Rosés also have many different flavor profiles. The flavor can vary so much because of the different grapes used as well as being produced in different regions by differing methods. For example a Rosé produced using Pinot Noir grapes in Oregon will taste much different than a Rosé made in Provence using GSM( a blend of Grenache, Syrah and Mourvedre.) Speaking of Provence it is a region in France that produces exclusively Rosé and is known for some of the best Rosé on the market today.
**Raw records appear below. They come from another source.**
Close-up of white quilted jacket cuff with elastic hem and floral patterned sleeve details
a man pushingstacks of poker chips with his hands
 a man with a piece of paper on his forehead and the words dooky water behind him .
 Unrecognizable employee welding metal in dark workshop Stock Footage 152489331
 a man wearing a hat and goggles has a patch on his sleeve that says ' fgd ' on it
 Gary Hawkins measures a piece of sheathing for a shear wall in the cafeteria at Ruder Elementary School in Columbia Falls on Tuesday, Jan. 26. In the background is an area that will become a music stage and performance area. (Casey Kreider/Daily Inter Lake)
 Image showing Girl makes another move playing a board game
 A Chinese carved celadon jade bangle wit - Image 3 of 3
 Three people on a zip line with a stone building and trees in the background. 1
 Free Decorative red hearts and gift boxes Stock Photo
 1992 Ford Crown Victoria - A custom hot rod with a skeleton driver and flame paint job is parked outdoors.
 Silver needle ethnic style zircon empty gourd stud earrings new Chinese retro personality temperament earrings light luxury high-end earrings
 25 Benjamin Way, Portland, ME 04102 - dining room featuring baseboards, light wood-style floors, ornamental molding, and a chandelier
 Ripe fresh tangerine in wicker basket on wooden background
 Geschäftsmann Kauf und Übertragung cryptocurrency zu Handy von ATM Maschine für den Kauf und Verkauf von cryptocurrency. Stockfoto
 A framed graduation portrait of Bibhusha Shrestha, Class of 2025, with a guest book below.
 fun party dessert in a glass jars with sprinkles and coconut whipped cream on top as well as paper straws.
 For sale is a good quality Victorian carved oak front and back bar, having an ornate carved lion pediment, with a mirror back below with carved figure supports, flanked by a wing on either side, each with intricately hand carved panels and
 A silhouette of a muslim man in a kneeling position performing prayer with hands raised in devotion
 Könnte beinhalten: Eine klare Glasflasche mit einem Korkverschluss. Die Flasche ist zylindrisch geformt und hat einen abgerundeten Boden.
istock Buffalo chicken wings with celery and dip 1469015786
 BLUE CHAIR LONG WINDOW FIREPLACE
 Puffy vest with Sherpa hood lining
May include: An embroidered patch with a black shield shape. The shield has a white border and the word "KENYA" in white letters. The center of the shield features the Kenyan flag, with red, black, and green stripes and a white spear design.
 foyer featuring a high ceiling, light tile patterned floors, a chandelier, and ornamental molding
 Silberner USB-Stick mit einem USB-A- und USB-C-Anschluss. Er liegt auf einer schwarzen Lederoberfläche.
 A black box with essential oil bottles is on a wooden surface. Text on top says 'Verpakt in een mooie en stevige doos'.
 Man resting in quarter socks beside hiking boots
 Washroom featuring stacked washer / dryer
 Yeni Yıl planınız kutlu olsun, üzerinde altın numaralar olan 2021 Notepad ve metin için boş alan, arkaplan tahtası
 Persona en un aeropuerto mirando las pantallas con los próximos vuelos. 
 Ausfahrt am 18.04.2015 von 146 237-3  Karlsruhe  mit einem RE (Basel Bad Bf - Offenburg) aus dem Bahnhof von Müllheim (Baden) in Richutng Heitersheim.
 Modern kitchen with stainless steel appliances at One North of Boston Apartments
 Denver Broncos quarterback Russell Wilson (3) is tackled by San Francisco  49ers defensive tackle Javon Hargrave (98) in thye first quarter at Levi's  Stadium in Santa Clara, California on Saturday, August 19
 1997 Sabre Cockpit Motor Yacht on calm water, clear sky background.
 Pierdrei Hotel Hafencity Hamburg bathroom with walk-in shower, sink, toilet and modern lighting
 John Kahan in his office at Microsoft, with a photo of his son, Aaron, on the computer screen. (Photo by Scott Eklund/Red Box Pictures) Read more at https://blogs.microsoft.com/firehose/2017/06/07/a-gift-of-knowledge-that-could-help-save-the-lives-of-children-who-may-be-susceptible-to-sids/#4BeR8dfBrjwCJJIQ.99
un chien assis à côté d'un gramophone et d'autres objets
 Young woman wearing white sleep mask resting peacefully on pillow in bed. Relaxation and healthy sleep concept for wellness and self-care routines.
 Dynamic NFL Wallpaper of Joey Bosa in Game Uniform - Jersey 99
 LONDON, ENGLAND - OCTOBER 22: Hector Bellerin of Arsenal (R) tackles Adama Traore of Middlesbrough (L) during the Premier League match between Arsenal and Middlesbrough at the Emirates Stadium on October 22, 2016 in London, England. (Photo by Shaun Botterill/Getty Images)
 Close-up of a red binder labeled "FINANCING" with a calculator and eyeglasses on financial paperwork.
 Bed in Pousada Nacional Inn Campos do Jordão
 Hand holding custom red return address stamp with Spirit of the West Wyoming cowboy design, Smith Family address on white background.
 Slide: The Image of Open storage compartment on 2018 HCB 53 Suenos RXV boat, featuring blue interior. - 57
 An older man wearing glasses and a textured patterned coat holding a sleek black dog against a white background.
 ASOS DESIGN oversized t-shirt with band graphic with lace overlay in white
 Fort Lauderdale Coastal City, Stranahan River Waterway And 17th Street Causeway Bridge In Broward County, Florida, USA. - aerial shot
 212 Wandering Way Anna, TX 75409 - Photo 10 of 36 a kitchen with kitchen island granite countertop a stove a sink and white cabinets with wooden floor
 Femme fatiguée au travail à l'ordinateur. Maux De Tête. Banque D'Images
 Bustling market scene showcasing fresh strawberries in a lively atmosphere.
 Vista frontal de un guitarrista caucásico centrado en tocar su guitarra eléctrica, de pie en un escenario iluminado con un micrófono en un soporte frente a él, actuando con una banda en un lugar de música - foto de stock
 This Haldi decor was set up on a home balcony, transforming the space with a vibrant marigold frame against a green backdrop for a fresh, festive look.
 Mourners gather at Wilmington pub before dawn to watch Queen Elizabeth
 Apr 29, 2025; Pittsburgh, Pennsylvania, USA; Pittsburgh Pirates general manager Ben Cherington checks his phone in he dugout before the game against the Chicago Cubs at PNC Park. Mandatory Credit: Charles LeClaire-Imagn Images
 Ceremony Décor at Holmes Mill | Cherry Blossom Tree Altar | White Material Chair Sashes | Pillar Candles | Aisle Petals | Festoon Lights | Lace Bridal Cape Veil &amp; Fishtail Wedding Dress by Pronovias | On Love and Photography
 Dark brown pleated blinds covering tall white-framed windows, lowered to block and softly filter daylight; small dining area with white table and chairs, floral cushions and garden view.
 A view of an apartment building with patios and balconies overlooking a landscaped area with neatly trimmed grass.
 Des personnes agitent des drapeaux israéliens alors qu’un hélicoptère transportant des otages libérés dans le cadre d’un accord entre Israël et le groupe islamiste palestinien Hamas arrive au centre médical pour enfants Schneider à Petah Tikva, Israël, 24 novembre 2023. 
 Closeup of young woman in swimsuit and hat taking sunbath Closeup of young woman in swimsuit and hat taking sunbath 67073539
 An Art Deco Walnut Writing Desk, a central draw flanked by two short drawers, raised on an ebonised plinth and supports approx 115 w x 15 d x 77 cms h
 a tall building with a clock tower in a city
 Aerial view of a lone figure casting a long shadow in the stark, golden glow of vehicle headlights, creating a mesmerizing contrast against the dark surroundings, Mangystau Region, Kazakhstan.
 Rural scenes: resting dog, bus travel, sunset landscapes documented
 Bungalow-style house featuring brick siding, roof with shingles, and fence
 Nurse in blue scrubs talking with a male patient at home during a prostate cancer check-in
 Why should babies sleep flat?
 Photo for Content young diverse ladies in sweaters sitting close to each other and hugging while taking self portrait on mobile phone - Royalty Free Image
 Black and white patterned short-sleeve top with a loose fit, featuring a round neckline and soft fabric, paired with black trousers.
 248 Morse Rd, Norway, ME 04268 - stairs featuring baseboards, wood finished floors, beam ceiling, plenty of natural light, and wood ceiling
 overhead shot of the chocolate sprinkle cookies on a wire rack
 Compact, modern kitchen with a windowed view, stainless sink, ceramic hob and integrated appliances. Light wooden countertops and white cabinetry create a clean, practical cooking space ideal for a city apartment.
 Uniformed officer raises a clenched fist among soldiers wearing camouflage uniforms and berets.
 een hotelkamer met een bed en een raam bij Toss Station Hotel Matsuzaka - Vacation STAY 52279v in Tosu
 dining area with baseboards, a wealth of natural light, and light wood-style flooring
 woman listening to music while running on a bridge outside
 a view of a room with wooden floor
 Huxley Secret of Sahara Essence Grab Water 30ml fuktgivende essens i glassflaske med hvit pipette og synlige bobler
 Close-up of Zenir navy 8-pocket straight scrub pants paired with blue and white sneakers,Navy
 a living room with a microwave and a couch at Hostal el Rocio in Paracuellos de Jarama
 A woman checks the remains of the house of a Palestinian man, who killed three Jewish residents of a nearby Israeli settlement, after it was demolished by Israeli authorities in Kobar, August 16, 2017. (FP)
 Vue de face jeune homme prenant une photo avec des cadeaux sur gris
Rosé is a very popular wine for summer because they are usually served chilled. They provide a crisp refreshing taste on a warm summer day without being too sweet. Below is a table of select Rosés that we stock at Cavalier try one or try them all, and don’t forget to use the coupon featured in this months newsletter
Ten Roses to try at Cavalier Wines and Spirits
|Archery Summit Vireton Rosé- Oregon- $24.99||La Chasse Prestige Rosé-France- $13.99|
|Sheldrake Dry Rosé-New York- $12.99||DMZ Cabernet Rosé-South Africa- $10.99|
|Jean Luc Columbo-France- $11.99||Vino Rosé- Washington- $13.99|
|Michael Torino Rosé-Argentina- $9.99||Chateau Beaulieu- Provence- $12.99|
|Sterling Vitners Rosé-California- $9.99||Subito Sangiovese Rubicone-Italy- $9.99|
I have only tried a few of the wines in the table above but look forward to trying them all. The Sheldrake point stands out among the Rosés that I have tried so i recommend starting there, it’s also a New York State wine which is a nice bonus. Another was the Archery Summit at first I was tentative because of the higher price tag, but I followed through and it provided a refreshing twist when paired with turkey for Thanksgiving.